O fato é que passamos por uma rápida e profunda transformação do mercado de capitais no Brasil nos últimos anos, que veio acompanhada, em boa medida, do empoderamento dos investidores e da democratização do acesso à extensa prateleira de investimentos que antes eram restritos aos mais abastados. E, com tudo isso, os investidores se tornaram mais críticos e mais atuantes, embora nem sempre com sabedoria.
Os números a seguir ilustram bem a transformação do mercado de capitais no Brasil nesses anos:
• 2,0 milhões de investidores ativos no Tesouro Direto (julho/2022), mais de 2 vezes o que se via em 2019;
• 4,4 milhões de CPFs cadastrados na B3 operando ações, FII, ETF, BDR e outros produtos listados (junho/2022), mais de 3 vezes a quantidade de 2019; e
• R$ 7,0 trilhões em fundos de investimento distribuídos entre mais de 850 instituições financeiras (julho/2022), sendo que, em agosto/2017, eram R$ 3,8 trilhões e 540 instituições (Anbima) – um crescimento real do patrimônio de quase 50% no período, volume certamente alavancado pelo advento das plataformas abertas nas corretoras.
É inegável que essa pujança foi catalisada pelos juros mais baixos que vigoraram especialmente a partir de 2017, e que algum retrocesso do mercado de capitais deve haver à medida que voltamos a conviver mais recentemente com um patamar de juros mais compatível com os padrões brasileiros, por um período que se supõe ainda longo. O fato é que o Brasil voltou a ser, pelo menos por ora, o país da renda fixa líquida e rentável.
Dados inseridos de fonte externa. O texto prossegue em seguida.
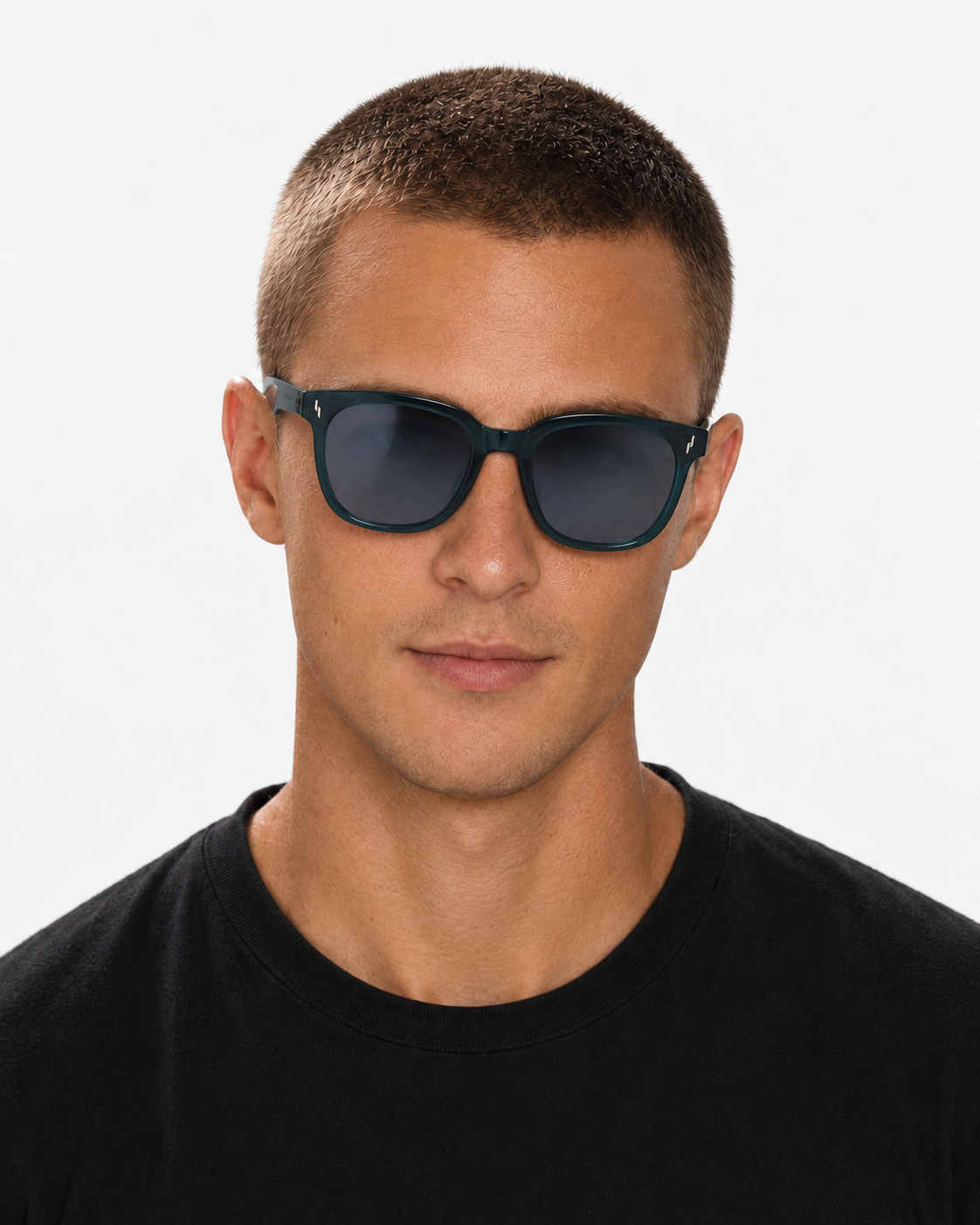 Oversized Square Sunglasses with a translucent teal frame and grey lenses, worn by a man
Aquele período de juros baixos que ficou para trás desafiou toda indústria de investimentos, inclusive os fundos de pensão, e, em especial, os planos de contribuição definida, a serem melhores. Gestão ativa na busca por prêmios de retorno e assunção adequada de riscos passaram a ser ainda mais determinantes, justamente em um ambiente de maior concorrência entre os gestores de recursos por um espaço no bolso dos investidores, que passavam a ter inúmeras opções de investimento à sua escolha.
E, naquele ambiente, os fundos de pensão estavam extremamente bem-posicionados, por conta de suas características intrínsecas: longo prazo e iliquidez, atributos que passaram a ser, como nunca antes na história do Brasil, importantes diferenciais competitivos, afinal são características compatíveis com classes de ativos como fundos de private equity, venture capital, desenvolvimento imobiliario, investimentos offshore, fundos de ações small caps (inclusive pipe), créditos estruturados e créditos high yield, para citar alguns exemplos que passaram a merecer mais espaço nas carteiras dos investidores institucionais brasileiros (sem falar no uso mais intensivo de derivativos na gestão de riscos). O fato é que, finalmente, a rentabilidade desses investimentos ilíquidos e de longo prazo – sem a sombra da renda fixa de curto prazo, líquida e rentável – passou a implicar em prêmios de risco atraentes para os investidores institucionais, em detrimento daqueles que priorizavam liquidez.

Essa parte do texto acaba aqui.